§ **What you should do**
Without the pictures, restate all of the data below word for word.

§ **Collected material**
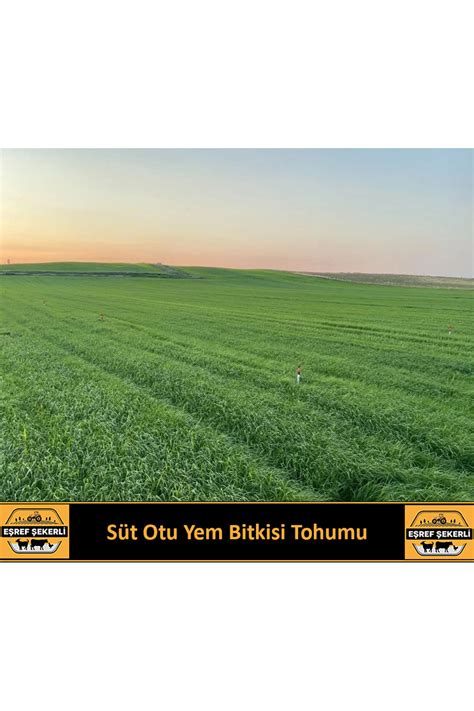 EŞREF ŞEKERLİ Çok Yıllık Rye Grass Reygras Otu süt Otu Tohumu 25 Kg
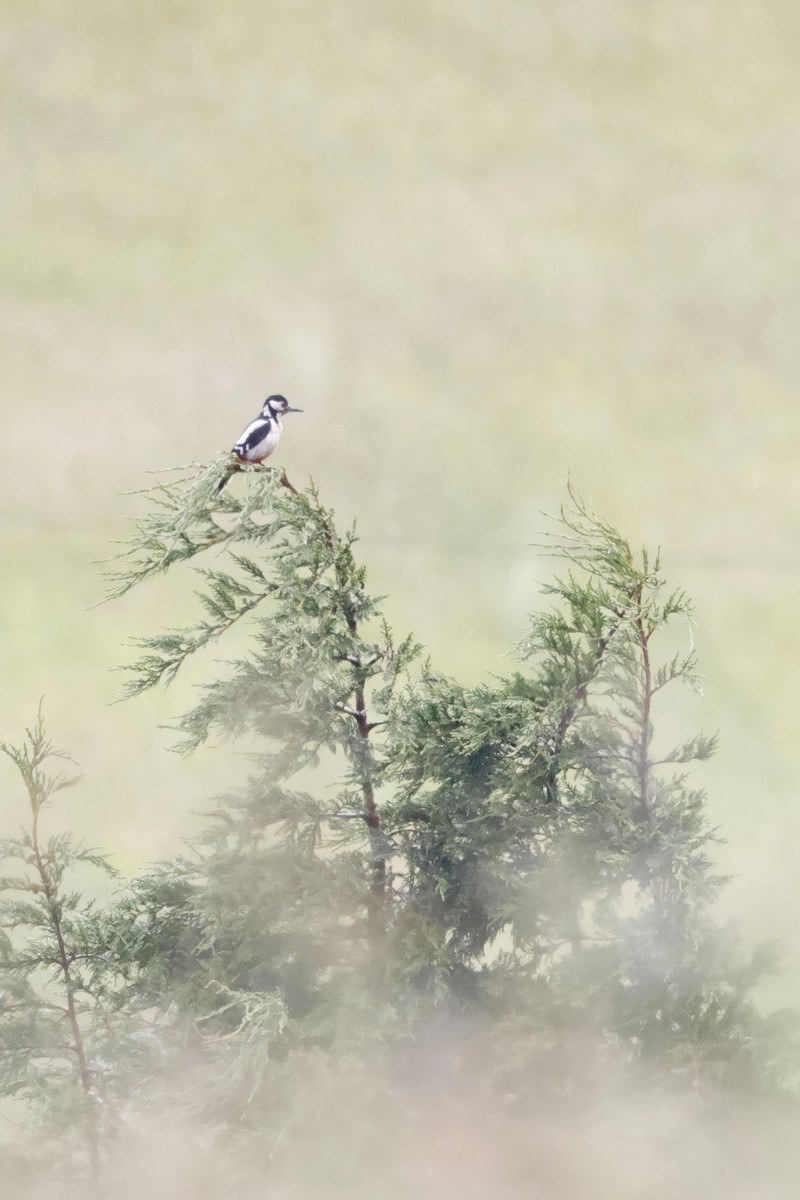 Great Spotted Woodpecker (Great Spotted) - ML659437199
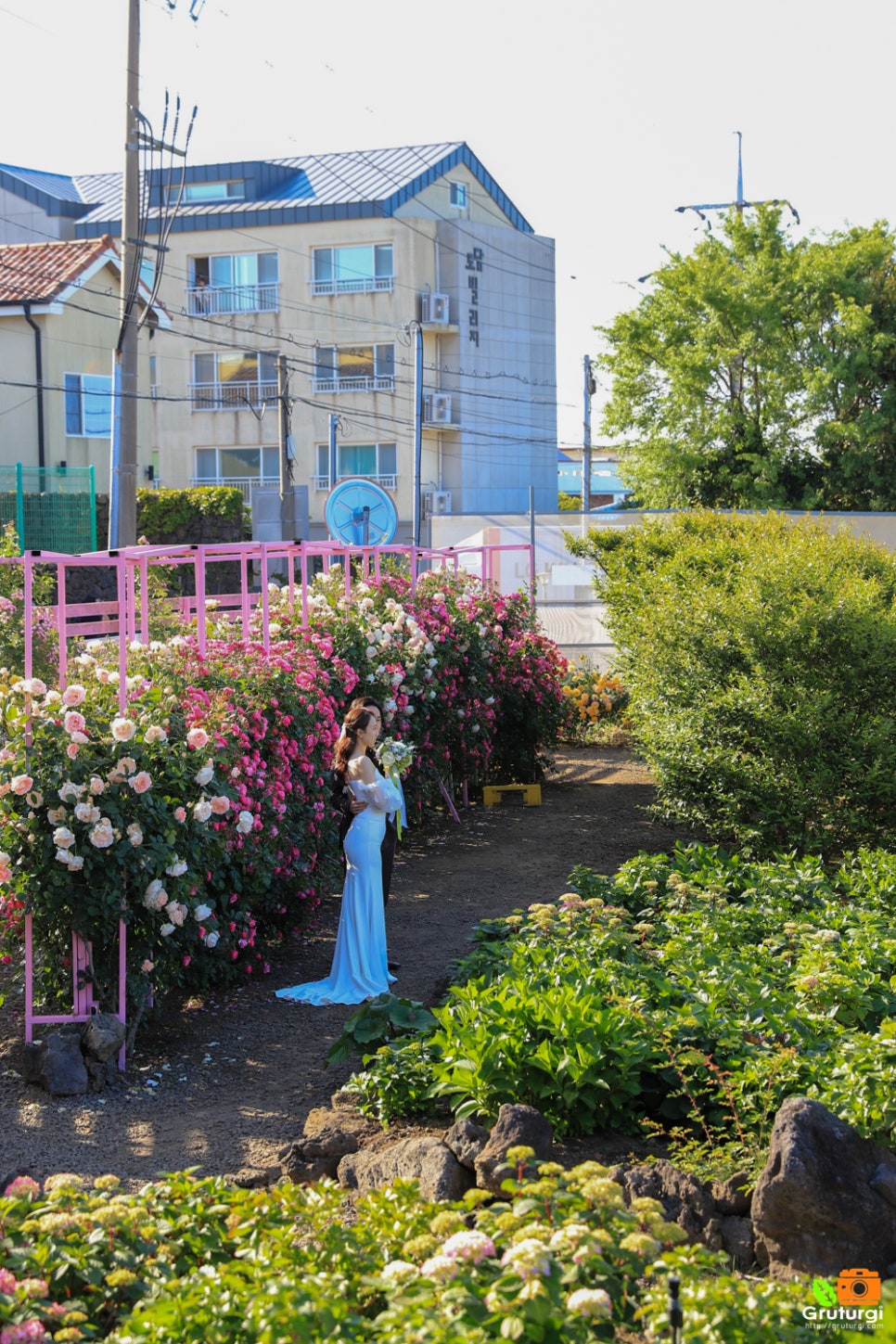 사진 찍기 좋은곳 제주 조천 카페 제주 북촌에가면 장미터널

§ **Finished task**
 EŞREF ŞEKERLİ Çok Yıllık Rye Grass Reygras Otu süt Otu Tohumu 25 Kg
 Great Spotted Woodpecker (Great Spotted) - ML659437199
 사진 찍기 좋은곳 제주 조천 카페 제주 북촌에가면 장미터널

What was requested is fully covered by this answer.